Das gilt nun auch für seine aktuelle Inszenierung von Dürrenmatts Klassiker, die handwerklich solide abschnurrt, aber trotz ihrer luxuriösen Burgtheater-Besetzung - der Abend ist eine Koproduktion - wenig Kontur gewinnt. Im Programmheft sind Anmerkungen von Dürrenmatt zu seinem Stück abgedruckt, in denen es heißt, es sei „eine Handlung, nicht eine Allegorie“, womit der Autor wohl vor dem Pathos tragischer Überhöhung warnen wollte. Allzu genau aber hält Hoffmann sich an diesen Satz, denn er lässt das Geschehen weitgehend sachlich abrollen, ohne jedoch zur kühlen Distanz eines Brecht’schen Lehrstücks zu finden.

Leer und dunkel ist Ben Willikens Bühne zu Beginn, ohrenbetäubend laut dröhnt der Lärm eines fahrenden Zugs in den Saal. Dann jault die Notbremse, und Maria Happel erscheint als Claire Zachanassian auf hohen Schuhen mit roter Perücke und seltsam kalter Wut. Zachanassian kehrt als Milliardärin nach 45 Jahren zurück in ihre Heimatstadt Güllen, um sich zu rächen dafür, dass ihre Jugendliebe Alfred Ill sie damals schwängerte, die Vaterschaft leugnete und sie sitzen ließ.

Rächen will sie sich aber nicht nur an Ill, sondern auf besonders grausame Weise auch an den bigotten Kleinbürgern der heruntergekommenen und verarmten Stadt, die sie damals demütigten. Ihr perfides Angebot: Sie schenkt der Stadt eine Milliarde unter der Bedingung, dass Ill getötet wird.

Nach anfänglicher Empörung der Bürger wirkt das Angebot wie ein schleichendes Gift auf die Güllener, die sich erst angesichts der lockenden Milliarde verschulden und dann moralische Gründe finden, Ill am Ende doch zu ermorden. Die selbstgerechte Scheinheiligkeit eines angeblich im Gemeinsinn handelnden Bürgerzorns, die selbst vor Mord nicht zurückschreckt, ist eigentlich ein höchst aktueller Aspekt von Dürrenmatts ehemaligem Dauerbrenner, der heute nur noch selten gespielt wird. Aber Frank Hoffmann belässt es über weite Strecken beim kommentarlosen, ort- und zeitlosen und sehr texttreuen Ablauf der Handlung.

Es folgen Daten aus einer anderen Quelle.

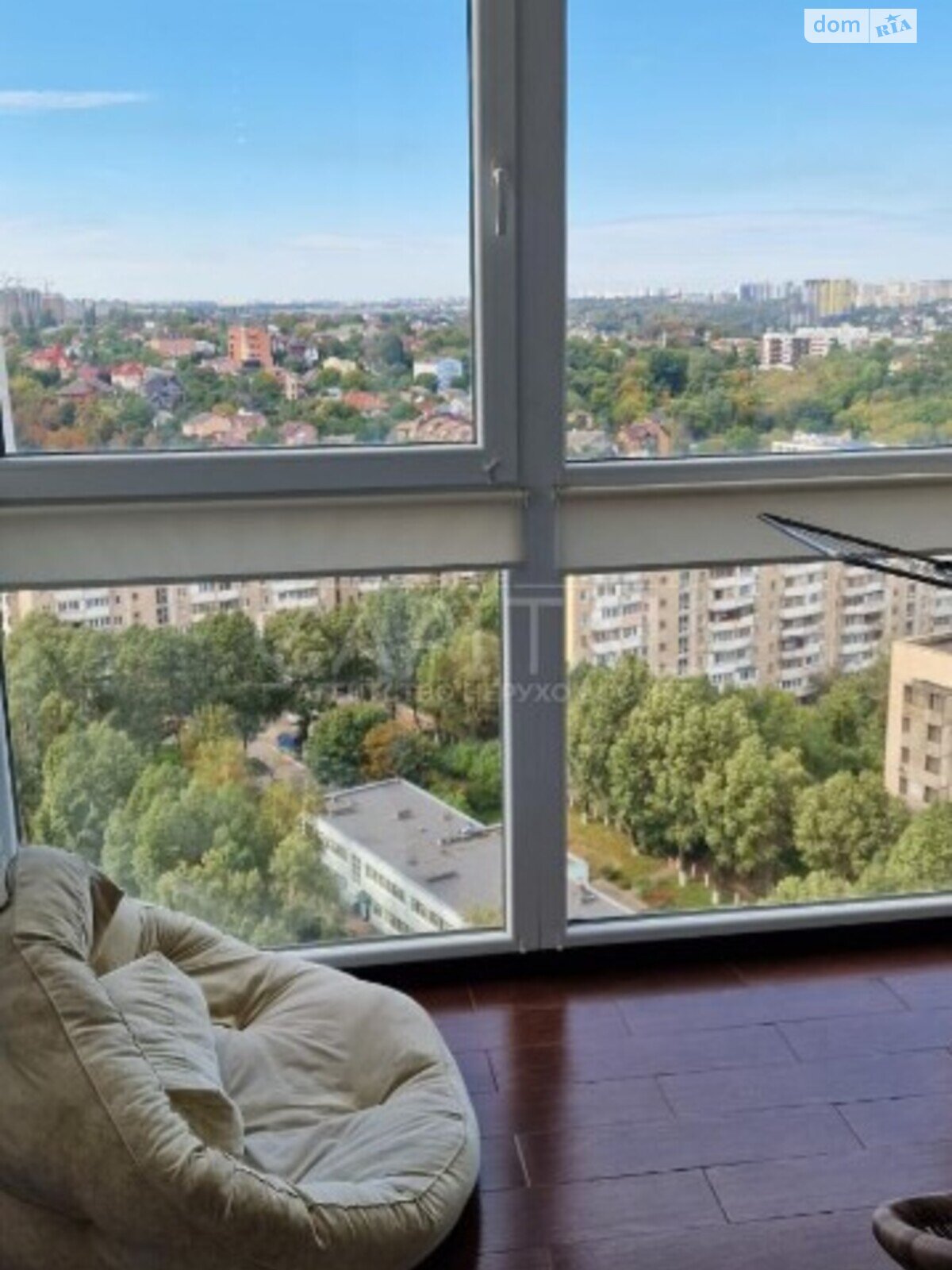 Продажа трехкомнатной квартиры в Киеве, на просп. Голосеевский 62, район Голосеевский фото 1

Dabei kann er allerdings auf großartige Schauspieler vertrauen: Maria Happels rachelüsterne Claire Zachanassian entwickelt zwar keinerlei Dämonie, dafür wirkt sie überzeugend heutig und geschäftstüchtig, nüchtern wie eine Managerin, der man keine Sentimentalität zutraut. Burghart Klaußner gibt Alfred Ill als ängstlichen Kleinbürger, der erst im Untergang eine gewisse Würde entwickelt. Roland Koch ist ein alerter Bürgermeister, der mit seinem Auftritts-Monolog ein schauspielerisches Kabinettstückchen liefert.

Erst gegen Ende nimmt die Aufführung Fahrt auf, wenn die finale Bürgerversammlung naht und sich unter kreischendem Getöse eine riesige Eisenwand von hinten auf die Bühne schiebt und ganz vorne nur noch wenig Raum lässt für den Tisch, an dem die Güllener Alfred Ill verurteilen. Dann geht das Saal-Licht an und die Bürger, die achselzuckend und zugunsten der kommenden Konjunktur über den Tod des Alfred Ill befinden, sind natürlich wir alle. Das ist zwar keine nagelneue Regie-Idee, aber immer noch eine wirksame.